The sign method returns a promise that’s fulfilled with an ArrayBuffer object that has the signature.
Likewise, the verify method takes in the same first algorithm, key, and data argument as the sign method as the first, second and fourth arguments. The signature generated from the sign method is the third argument. It returns a promise that fulfills with the value true if the signature is valid and false otherwise.
To use the sign and verify methods, we can write something like the following code:
const enc = new TextEncoder();
const encodedMessage = enc.encode('hello');
const keyPair = window.crypto.subtle.generateKey({
name: "RSASSA-PKCS1-v1_5",
modulusLength: 4096,
publicExponent: new Uint8Array([1, 0, 1]),
hash: "SHA-256"
},
true,
["sign", "verify"]
);
(async () => {
const {
privateKey,
publicKey
} = await keyPair;
const signature = await window.crypto.subtle.sign(
"RSASSA-PKCS1-v1_5",
privateKey,
encodedMessage
);
const signatureValid = await window.crypto.subtle.verify("RSASSA-PKCS1-v1_5", publicKey, signature, encodedMessage);
console.log(signatureValid);
})()
We first generate the key pair with the generateKey since we’re using the asymmetric RSA algorithm which has a private and public key. The generateKey method takes the algorithm as the first argument, where the possible values are:
- To use RSASSA-PKCS1-v1_5, RSA-PSS, or RSA-OAEP we pass an RsaHashedKeyGenParams object.
- To use ECDSA or ECDH we pass an EcKeyGenParams object.
- To use HMAC we pass an HmacKeyGenParams object.
- To use AES-CTR, AES-CBC, AES-GCM, or AES-KW we pass an AesKeyGenParams object.
The second argument is the boolean extractable property which indicates whether it’s possible to export a key using the SubtleCrypto.exportKey() or SubtleCrypto.wrapKey() methods. The third argument is the keyUsages array which indicates which methods can be used with the keys generated:
-
encrypt -
decrypt -
sign -
verify -
deriveKey -
deriveBits -
wrapKey -
unwrapKey
Then we call the sign method with the algorithm name, private key, and the encoded message we generated from the TextEncoder . This generates the signature. Then we call the verify method with the algorithm name, private key, the generated signature fulfilled from the sign method and the same encoded message. If we run the code above, we should get console.log logging true .
The encrypt method takes 3 arguments. The first is the algorithm , which is an object with the following possible values:
- To use the RSA-OAEP algorithm, we pass in an
RsaOaepParamsobject. Full details of the properties of the object are at https://developer.mozilla.org/en-US/docs/Web/API/RsaOaepParams - To use AES-CTR algorithm, we pass in an
AesCtrParamsobject. Full details of the properties of the object are at https://developer.mozilla.org/en-US/docs/Web/API/AesCtrParams - To use AES-CBC algorithm, we pass in an
AesCbcParamsobject.
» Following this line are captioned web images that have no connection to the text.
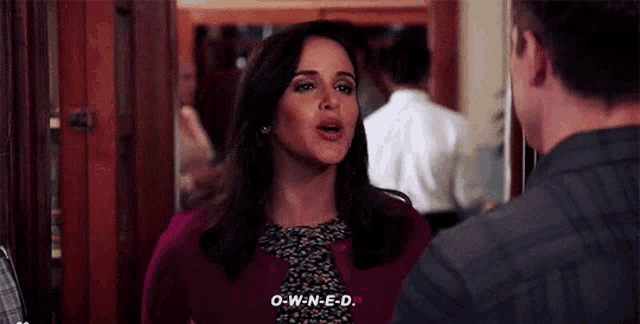 a woman is talking to a man in a room while wearing a purple sweater .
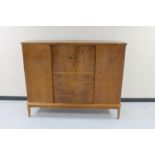 A mid 20th century continental walnut four door sideboard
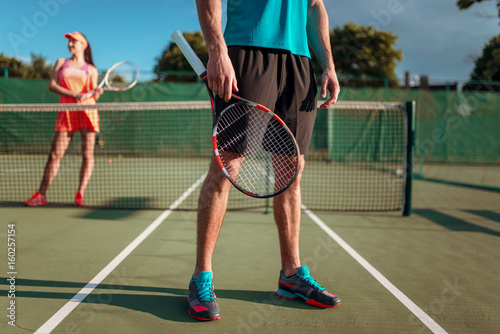 Man and woman plays tennis on open air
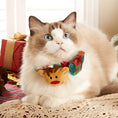 Load image into Gallery viewer, Fluffy white and brown cat wearing a plush Christmas collar with a cute reindeer and gift decoration, sitting on a crocheted cloth
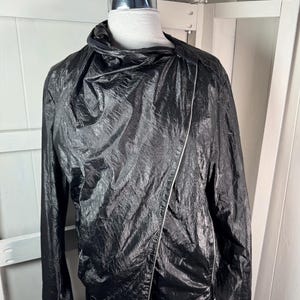 Pode incluir: Casaco preto com acabamento brilhante e texturizado. O casaco apresenta um zíper assimétrico e uma gola alta drapeada. Uma faixa branca acentua o zíper. O casaco é exibido em um manequim.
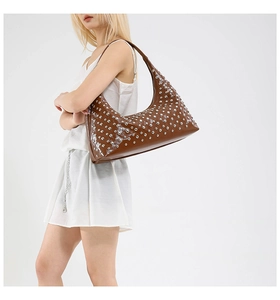 Detail of dark brown leather hobo bag featuring decorative silver metal rivets and studs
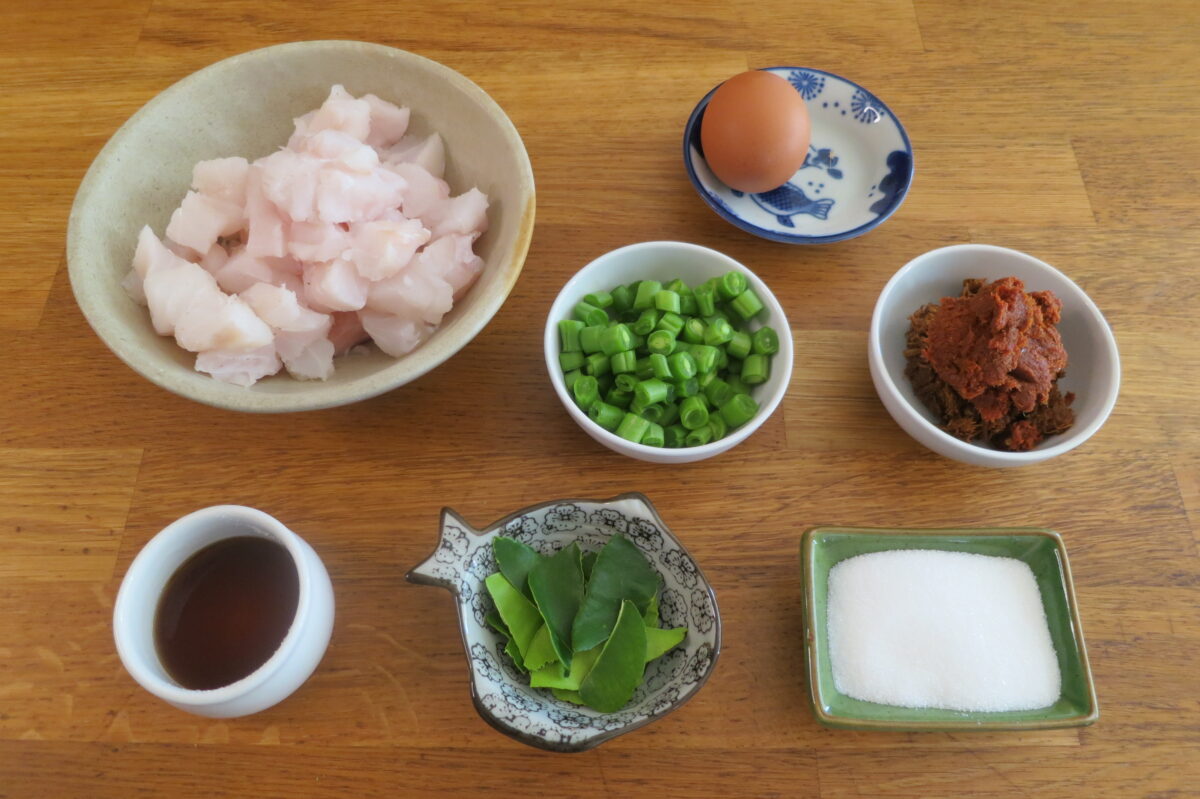 "Fresh ingredients for Thai fish cakes, including white fish fillets, red curry paste, kaffir lime leaves, green beans, egg, rice flour, and seasonings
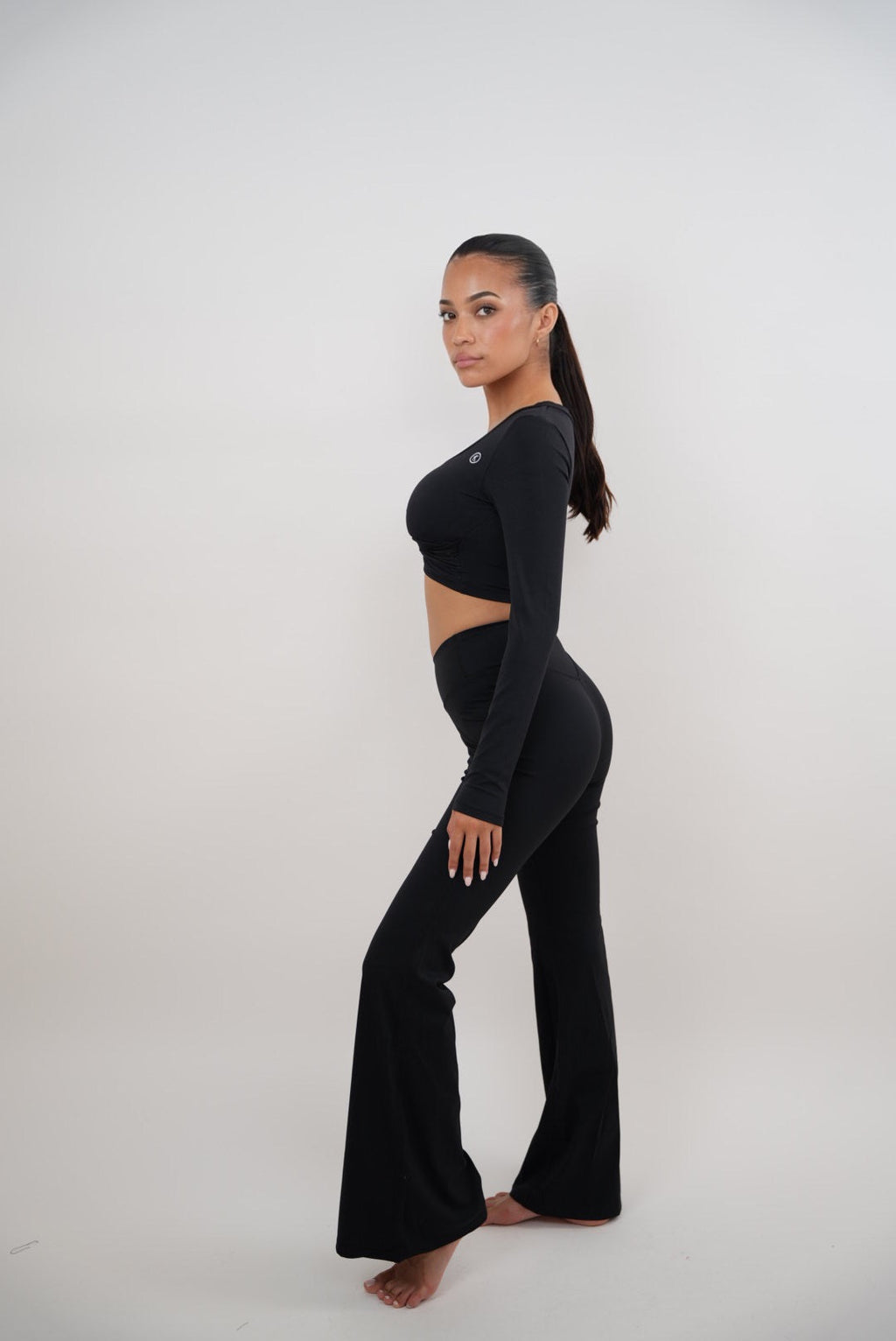 KIMITH BRAND I Am Present Black Stretch Flare Legging — side view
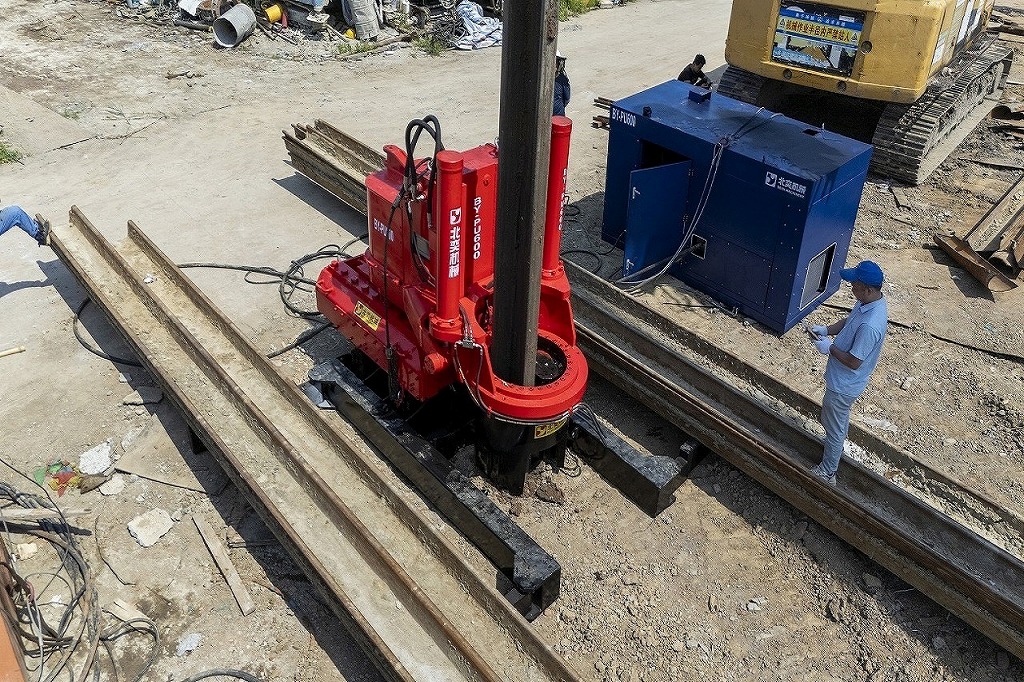 vibration-free pile driving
Full details of the properties of the object are at https://developer.mozilla.org/en-US/docs/Web/API/AesCbcParams - To use AES-GCM algorithm, we pass in an
AesGcmParamsobject. Full details of the properties of the object are at https://developer.mozilla.org/en-US/docs/Web/API/AesGcmParams
The second argument is the CryptoKey object which we use to do the encryption. The third argument is a BufferSource object that has the data to be encrypted, also known as plain text. It returns a promise that’s resolved with an ArrayBuffer object containing the encrypted plain text.
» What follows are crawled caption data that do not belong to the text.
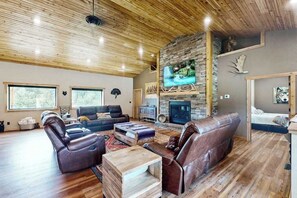 A spacious living room with leather sofas, a stone fireplace, and a television. - Bear Butte Retreat - Private Hot Tub Retreat • Secluded (Deadwood)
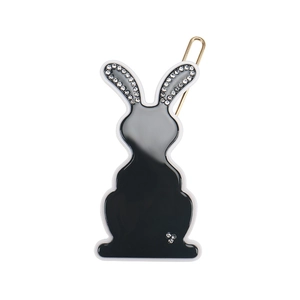 Detail of a black rabbit hair clip with rhinestones and a gold metal U-shaped clasp
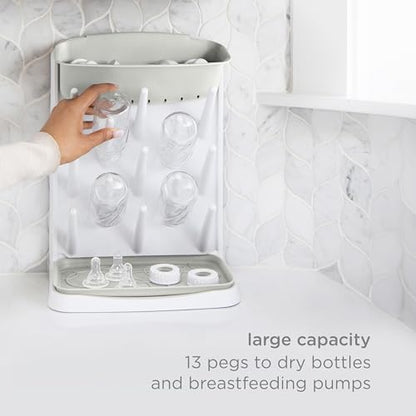 Ubbi Vertical Baby Bottle Drying Rack, Space Saving Countertop Bottle Dryer | 13-Peg Bottle Drying Rack Removable Drain Tray, Baby Organizer for Pump Parts, Pacifiers & Accessories, Dishwasher Safe, Oat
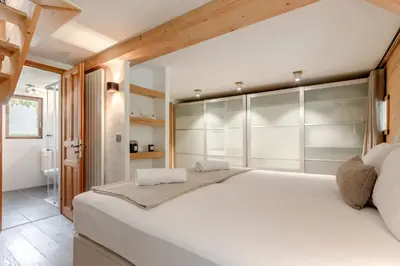 a bedroom with a large white bed with glass doors at La Bastide - Grand chalet privé - Quartier calme in Les Houches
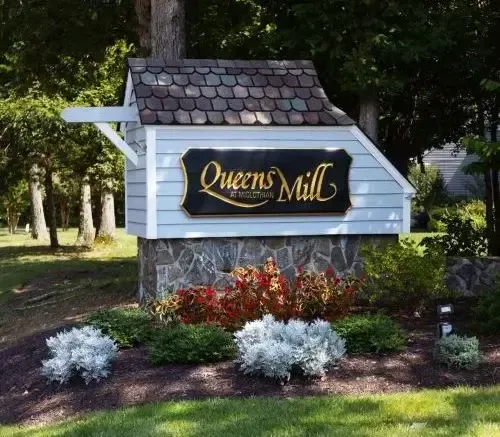 A sign that says queens mill on it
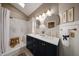 Stylish bathroom featuring a double vanity, modern lighting, and a luxurious walk-in shower with elegant fixtures at 6533 N 7Th Ave # 18, Phoenix, AZ 85013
Likewise, the decrypt method takes the same first 2 arguments as the encrypt method, except that the third argument is a BufferSource that has the data to be decrypted. It returns a promise that’s resolved with the ArrayBuffer object which has the plain text.
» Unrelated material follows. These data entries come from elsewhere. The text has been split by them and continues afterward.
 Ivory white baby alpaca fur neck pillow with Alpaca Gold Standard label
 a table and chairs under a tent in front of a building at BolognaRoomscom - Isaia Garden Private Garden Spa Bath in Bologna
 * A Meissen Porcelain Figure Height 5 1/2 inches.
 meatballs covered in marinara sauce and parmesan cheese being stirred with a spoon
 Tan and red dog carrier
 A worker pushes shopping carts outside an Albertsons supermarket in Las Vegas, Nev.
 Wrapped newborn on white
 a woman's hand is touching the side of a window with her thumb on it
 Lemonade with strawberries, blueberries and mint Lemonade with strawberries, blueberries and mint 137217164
For example, we can use the encrypt and dercrypt methods like in the following code:
const enc = new TextEncoder();
const dec = new TextDecoder();
const keyPair = window.crypto.subtle.generateKey({
name: "RSA-OAEP",
modulusLength: 4096,
publicExponent: new Uint8Array([1, 0, 1]),
hash: "SHA-256"
},
true,
["encrypt", "decrypt"]
);
const encodedMessage = enc.encode('hello');
(async () => {
const {
privateKey,
publicKey
} = await keyPair;
const encryptedText = await window.crypto.subtle.encrypt({
name: "RSA-OAEP"
},
publicKey,
encodedMessage
)
console.log(encryptedText);
const decryptedText = await window.crypto.subtle.decrypt({
name: "RSA-OAEP"
},
privateKey,
encryptedText
)
console.log(decryptedText);
console.log(dec.decode(decryptedText));
})()
In the code above, we first generate a key or key pair with the generateKey method with depending if the encryption algorithm is symmetric or asymmetric like we did with the sign and verify example. Asymmetric cryptographic algorithms have a public and private key like in the example above. RSA is an asymmetric algorithm.
Then we encode the message with the TextEncoder to encode it to a ArrayBuffer object which can used with the encrypt method.
Then we use the encrypt method with the algorithm, the public key, and the ArrayBuffer object with the encoded text passed int to encrypt the data. Then to decrypt the encrypted text, we use the decrypt method with the algorithm object passed in as the first argument, then we pass in the private key from the key pair, then we pass in the encrypted text as the third argument to the decrypt method.
This will get the decrypted data as an ArrayBuffer , which we will decode with the TextDecoder’s decode method with the decrypted ArrayBuffer to get back the original text. This means that the last console.log statement to get us back 'hello'.
The Crypto object also has one method, which is the getRandomValues method. The method will create a strong random value given a typed array. The method takes one argument. It takes a typed array, which is an Int8Array, a Uint8Array, an Int16Array, a Uint16Array, an Int32Array, or a Uint32Array. To improve performance, this method doesn’t generate numbers with a truly random number generator, but rather it uses a pseudo-random number generator to generate the number. The entries of the typed array passed into the argument will be overwritten by the random numbers generated by this method.
We can use the getRandomValues method like in the following example:
let array = new Uint32Array(10);
window.crypto.getRandomValues(array);
for (const num of array) {
console.log(num);
}
In the code above, we generated a new Uint32Array, which we pass into the getRandomValues method. Then in the for...of loop, we get the generated values which overwrote whatever entries were in the original array. We should see 10 random numbers from the console.log, and each time we run the code above, we should get different results.
With the window.cryoto object, we can encrypt and decrypt data by using well-know cryptographic algorithms on the browser. It supports both symmetric and asymmetric encryption, which let us encrypt data with different algorithms. Also, we can use it to generate digital signatures and verify them. We can also use it to get random numbers with the getRandomValues method.